Monday, October 24, 2005

"Is That Your Finger?"

Kiss Kiss Bang Bang (2005; d. Shane Black; Robert Downey, Jr., Val Kilmer, Michelle Monaghan) Following an abomination of a style piece like Domino with another style piece is dangerous. Style pieces often don't work, which sets me up to see yet another awful film. Style pieces don't work as a function of a timeworn principle of mine, which states that 'you are neither as cool nor as shitty as you think you are.'

To build a film around flashiness, deconstruction, and pithy self-awareness, you have to be supremely convinced of your coolness and your uncoolness all at once. You have to say 'look at me,' even as you undo the skein of whatever it is that you're doing that makes you interesting. Take for example, Hudson Hawk. This movie was an exercise in stylization. At no point did the movie let you forget that you were watching a movie. It played with time, setting, ended scenes randomly, and broke the fourth wall constantly. Either you find this anticness endearing and loveable (as I did, but I freely confess that Bruce Willis is a personal hero, and that his run on Moonlighting, which featured many of these same tricks, were formative for me--more on this another time) or you find the movie to be atrocious, because it holds you at a distance, mocks you for watching it, and laughs at you as often as you laugh at it. Which are also reasons that I love Hudson Hawk.

I've already cited Domino as an exercise in stylization that does not pay off. Again, it plays with time, setting, and never quite lets you forget you're in a movie by employing 90210 actors as themselves. However, I believe Domino holds you at a distance with contempt. It has no sense of humor about itself, instead snarking about you and your bourgeois values about storytelling cliches like character and plot. Domino is the hot stupid girl at a party who regards you with a gimlet eye without realizing she has toilet paper stuck to her shoe.

Another example of a style piece that doesn't work is Scream. Scream is often cited as a classic in deconstruction, which I've never quite understood. It is a well-done slasher film, that's all. It doesn't say anything about what a slasher film is or what it does, nor does it illuminate the drawbacks or limitations of the form. Just because it cites what it's going to do before it does it doesn't make it smart or interesting. We all have friends who can loudly anticipate their mistakes, but go through with the bad decisions anyway.
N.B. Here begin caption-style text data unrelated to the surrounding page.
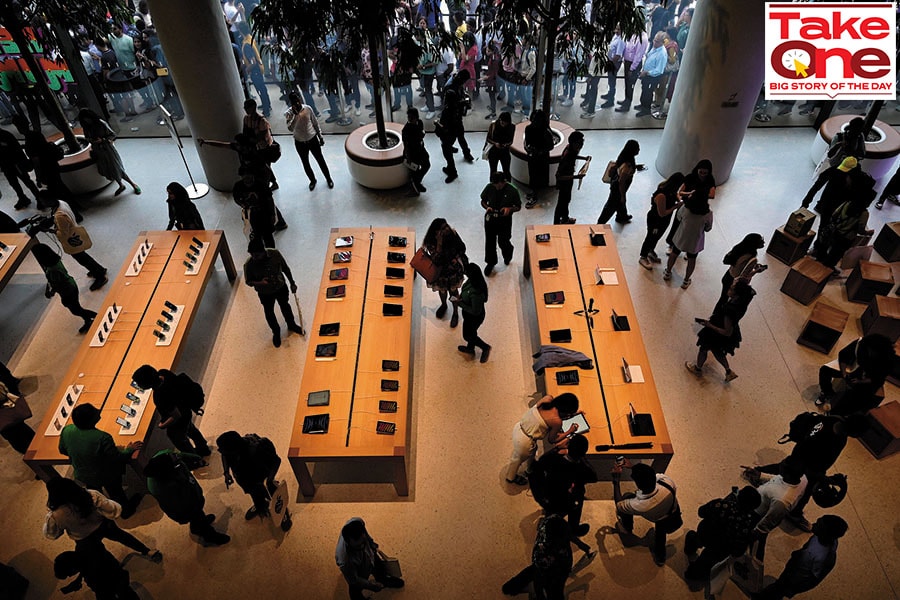 Visitors take a look at the various products on display at the inauguration of Apple’s first retail outlet in Mumbai; Image: Anshuman Poyrekar/HT via Getty Images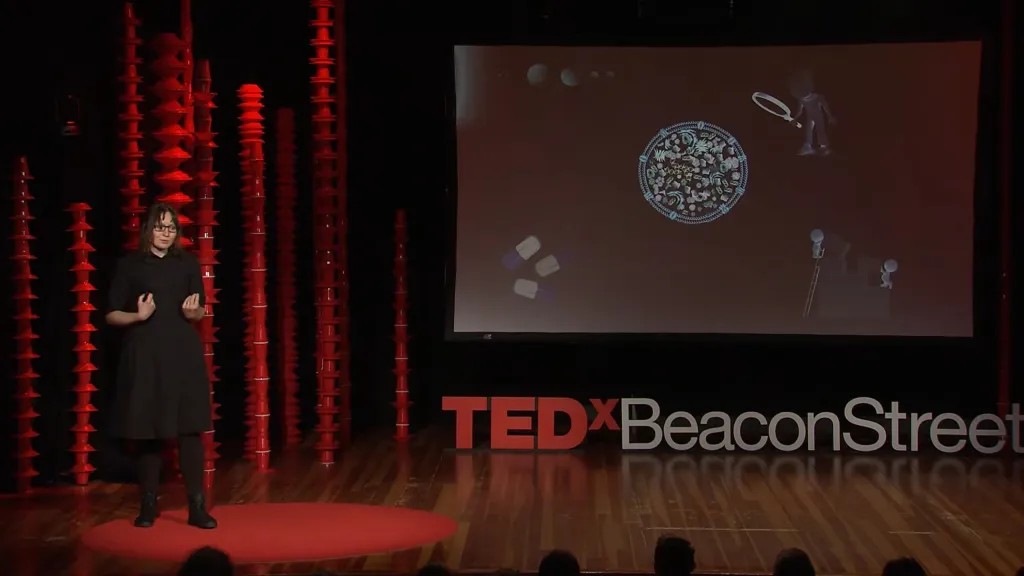 Kate Adamala speaking at a TEDxBeaconStreet event, with a screen displaying illustrations of a synthetic cell, pills, and small figures.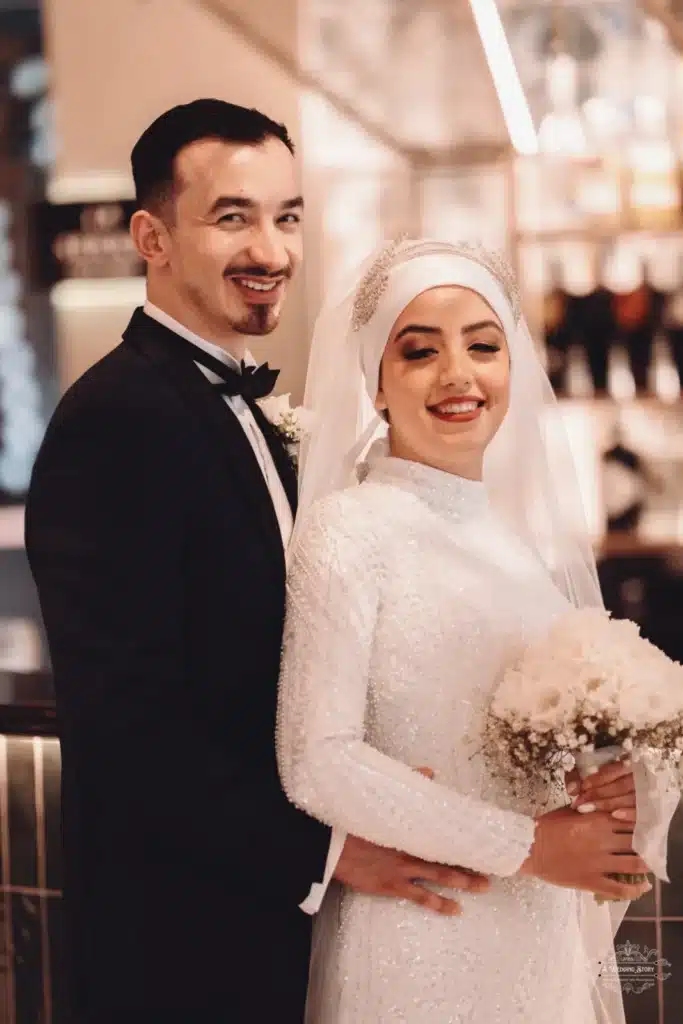 Afghan bride in a white hijab holding a bouquet, smiling beside her groom in a tuxedo during their wedding celebration in Wellington.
We call them idiots.

Kiss Kiss Bang Bang works. Sure, it says offensive things. Sure, it plays suicide and murder for laughs. Sure, it lies to you about what's going on. Sure, it's needlessly complicated, while simultaneously making a massive joke out of the proceedings. But unlike Domino, events matter. An arm is removed in Domino for shock value. A finger is removed in Kiss Kiss Bang Bang, but it means something. The loss of the finger gets Downey stoned and passed out in the back of the car, which moves the plot along. The loss of the finger works as an allusion to the other film noirs that deface their heroes, like Chinatown. The way in which the finger is lost also parodies those genre conventions. Downey loses his finger to his dream girl by accident, not a cruel and impersonable enemy who is threatening him off the case. In that parody, however, the moment reveals something about their relationship; throughout their relationship, she has damaged him and continues to damage him, and he keeps coming back for more. It positions Michelle Monaghan as an accidental femme fatale (dangerous because she makes bad choices, not because she is evil) and Robert Downey as clumsy, dogged, and loyal.

Similarly to the layers of plot, Kiss Kiss Bang Bang also works because the characters matter on multiple levels. Although we are held at a distance by the stylization, Downey and Kilmer play likeable characters. The distance again has a function, allowing two talented actors to fill a role, but also parody their public persona. There is a special frisson in seeing Downey's character stoned at a party or breaking into a stranger's home. We are able to engage with Downey as both his thief/actor/detective who self-sabotages his attempts at fulfilling his full potential, and as Downey the celebrity talent self-saboteur. Similarly, Kilmer's general dickishness play well as the character and as the public persona of Kilmer.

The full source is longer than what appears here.